You must be the Grand Pubba, Who do you think you are senior member that hasn't learn any class. Other people, besides you have a different view and your your respond is to tell them to **** off. Great respond, you must converse well in a bar about 1 am in the morning. That is why this forum could use a little cleansing of rotted old wood.


----------



## P.E.I.Taper

I said that because you dismissed someones opinion... so if you dont want to hear his opinion, why should I listen to yours??

I have learned alot from this forum and .
Peoples opinion, and I am going to continue to do so.


----------



## endo_alley

This post has really gone off the rails. I kind of like it every once in a while. But we haven't even touched politics yet. So I ask, who hangs better board, Republicans, Democrats, or independents? Or maybe it is PRI vs PAN?


----------



## MrWillys

endo_alley said:


> This post has really gone off the rails. I kind of like it every once in a while. But we haven't even touched politics yet. So I ask, who hangs better board, Republicans, Democrats, or independents? Or maybe it is PRI vs PAN?


 This is to simple, Democrats are Union so they are trained professionals.


----------



## endo_alley

MrWillys said:


> This is to simple, Democrats are Union so they are trained professionals.


What about Partido Revolucionario Institucional ? They say they hang a lot of of the rock these days.


----------



## moore

MrWillys said:


> This is to simple, Democrats are Union so they are trained communist


I fixed that for you ..


----------



## Wimpy65

MrWillys said:


> This is to simple, Democrats are Union so they are trained professionals.

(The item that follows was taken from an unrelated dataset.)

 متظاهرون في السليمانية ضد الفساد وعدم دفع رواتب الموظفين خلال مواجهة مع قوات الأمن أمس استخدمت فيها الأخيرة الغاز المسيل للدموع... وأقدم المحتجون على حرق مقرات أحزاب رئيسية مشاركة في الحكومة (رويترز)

Now that's funny! :thumbup:
I knew we could count on you Mr Willys. :thumbsup:

I'm just a country boy; I've never been Union or very political, for that matter. I guess, by definition, I'm a professional because I get paid for what I do. A couple years ago Pennsylvania started a program that requires a license. But, don't be impressed, anyone willing to pay $50 can get one. 
I must admit I would like the idea of a true license (one that actually takes training). In our area, it's far to easy to decide you are now a drywall contractor. But, forgive me Mr Willys, I can't bring myself to wish Unions on our area.


----------



## Mr.Brightstar

A Republican gets paid by the square foot when the job is done.

A Democrat gets paid by the hour no matter how long the job takes.

My moneys on the independent contractor working for himself. He gets the most done in the shortest amount of time. I wish our country worked like that.

Make America great again.


----------



## MrWillys

Wimpy65 said:


> Now that's funny! :thumbup:
> I knew we could count on you Mr Willys. :thumbsup:
> 
> I'm just a country boy; I've never been Union or very political, for that matter. I guess, by definition, I'm a professional because I get paid for what I do. A couple years ago Pennsylvania started a program that requires a license. But, don't be impressed, anyone willing to pay $50 can get one.
> I must admit I would like the idea of a true license (one that actually takes training). In our area, it's far to easy to decide you are now a drywall contractor. But, forgive me Mr Willys, I can't bring myself to wish Unions on our area.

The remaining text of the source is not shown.